Mas, se as turbulências na matriz acendem um sinal de alerta para investidores, no Brasil, Faber se mostra despreocupado. “Uma das características marcantes da gestão da Danone é a autonomia das regionais”, afirma. Por aqui, a marca tem investido em diversas ações sustentáveis. Neste ano, já lançou um programa para ajudar profissionais de educação física a ter uma renda extra.

A empresa também se envolveu em uma iniciativa para acelerar startups de economia circular e, no ano passado, aboliu os rótulos de algumas garrafas da marca Bonafont, de água, medida que deve retirar do mercado 1 bilhão de vasilhames plásticos até 2025, por meio da reciclagem. Em 2020, a Bonafont se tornou “plástico positivo”, ou seja, recolheu e reciclou 100% do plástico que colocou em circulação.

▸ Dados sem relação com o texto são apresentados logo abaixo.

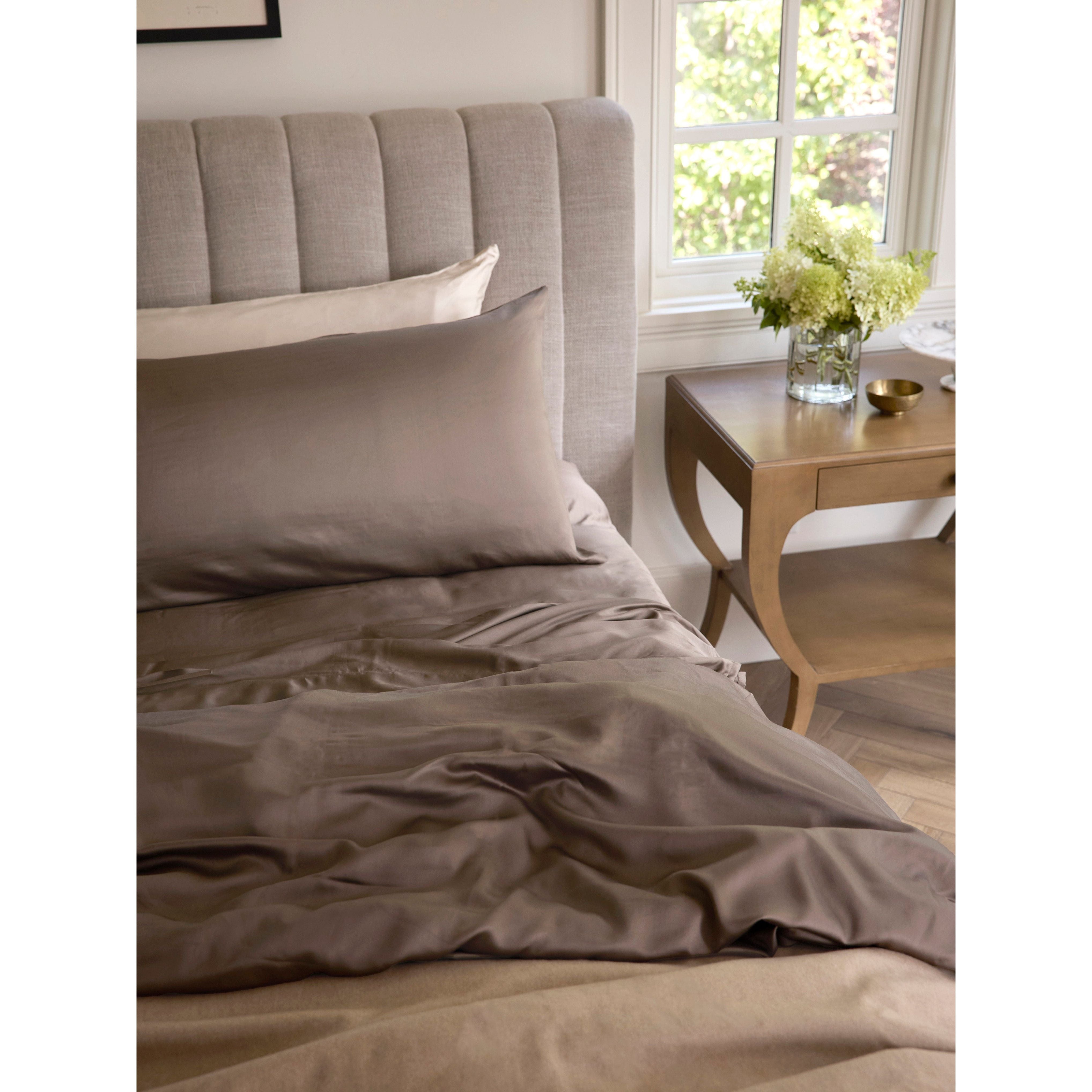 Cozy Earth Bamboo Sheet Sets Available in Queen and King Sizes - Image 3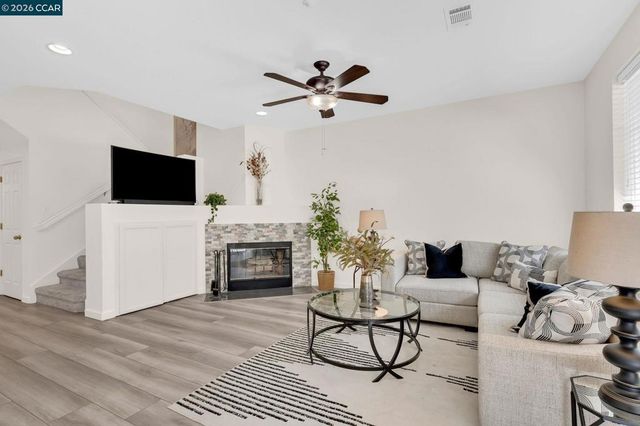 7424 Brigadoon Way, Dublin, CA 94568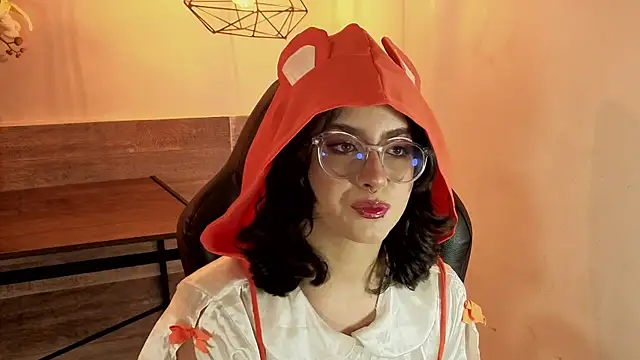 Snapshot of LiLLiAnderson chatting on 11-25-25, 11:32 LiLLiAnderson online show from 11-25-25, 11:32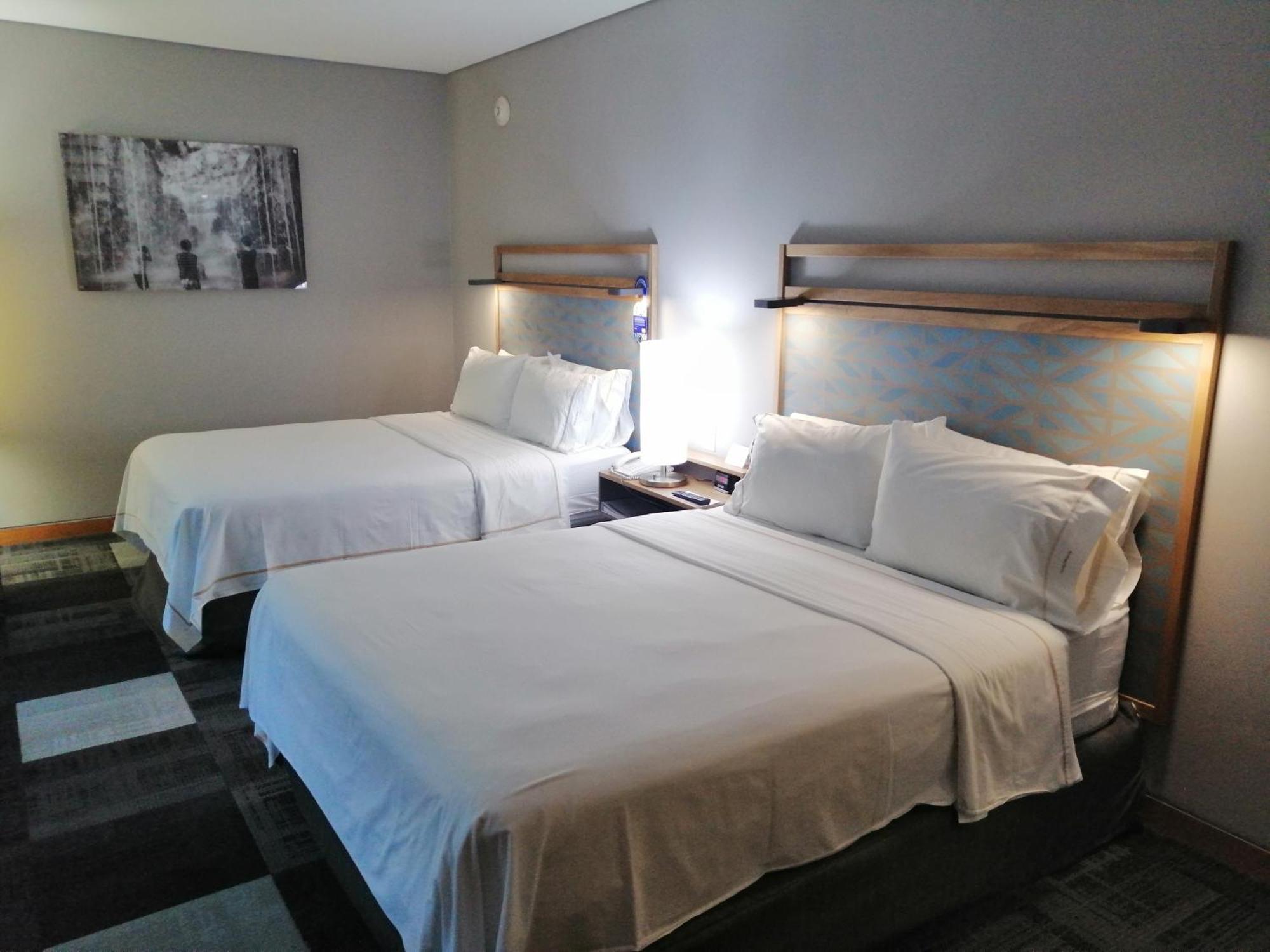 Standard Double Room with Two Double Beds and City View,1233728438:JPEG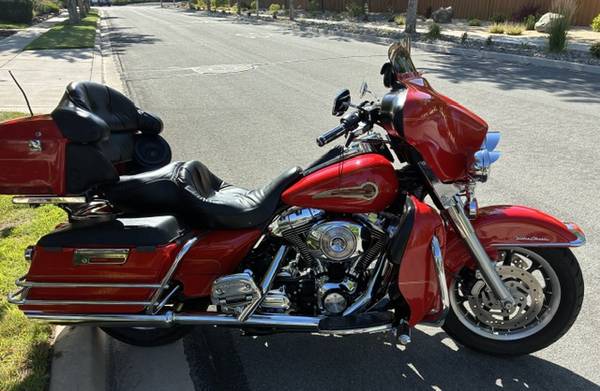 2002 Harley-Davidson, dovoz USA — foto 2 z 8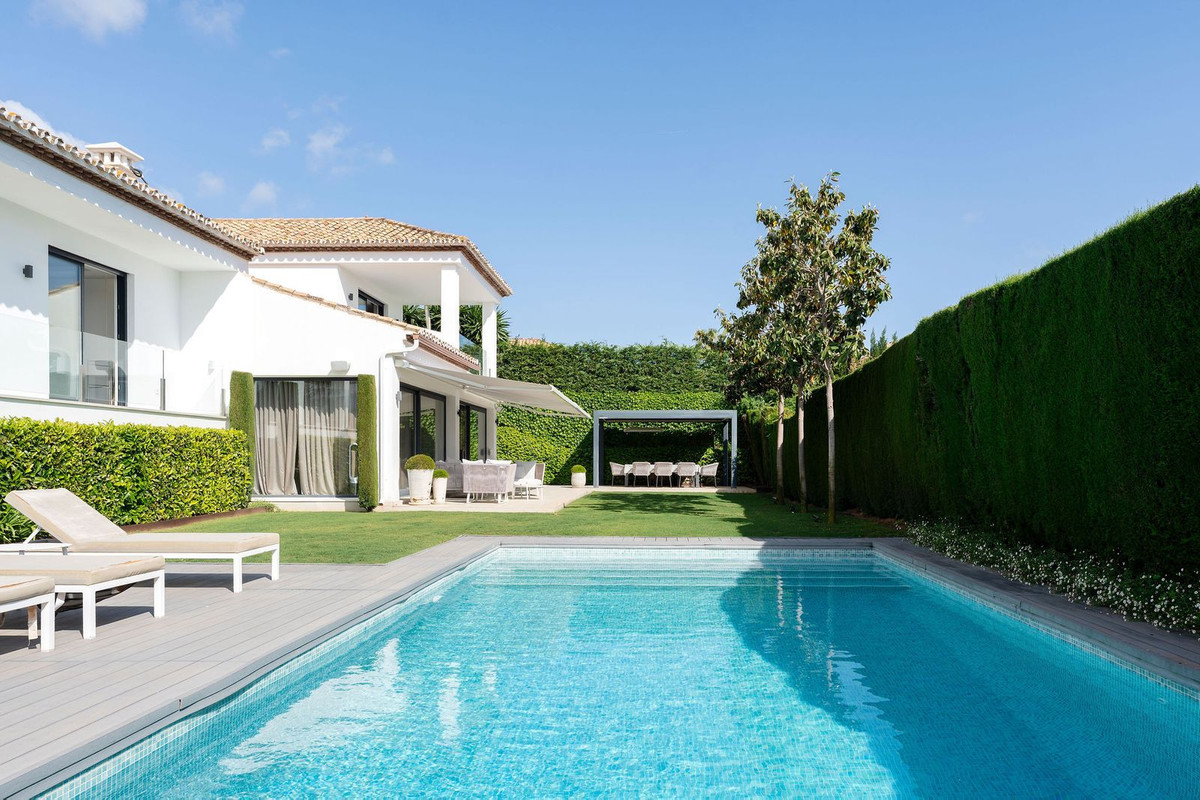 Villa for sale in Marbella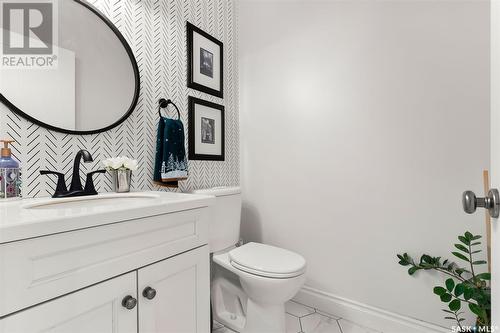 52 Fairway Crescent, White City, SK - Indoor Photo Showing Bathroom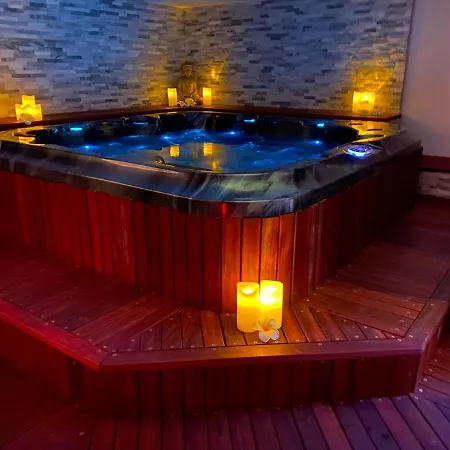 Апартаменты Jacuzzi Sauna Privatif Illimite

Atualmente, ser uma empresa é uma forma de garantir o padrão de atuação, segundo o CEO. “Mas, em breve, será um diferencial. E quando isso acontecer, os concorrentes vão ter de correr atrás”, diz Vasques. Então, será a hora de partir para um padrão ainda mais exigente de atuação responsável. O desafio de ser uma empresa ESG é que a transformação dos negócios, na realidade, nunca termina. Talvez isso que bote medo nos investidores.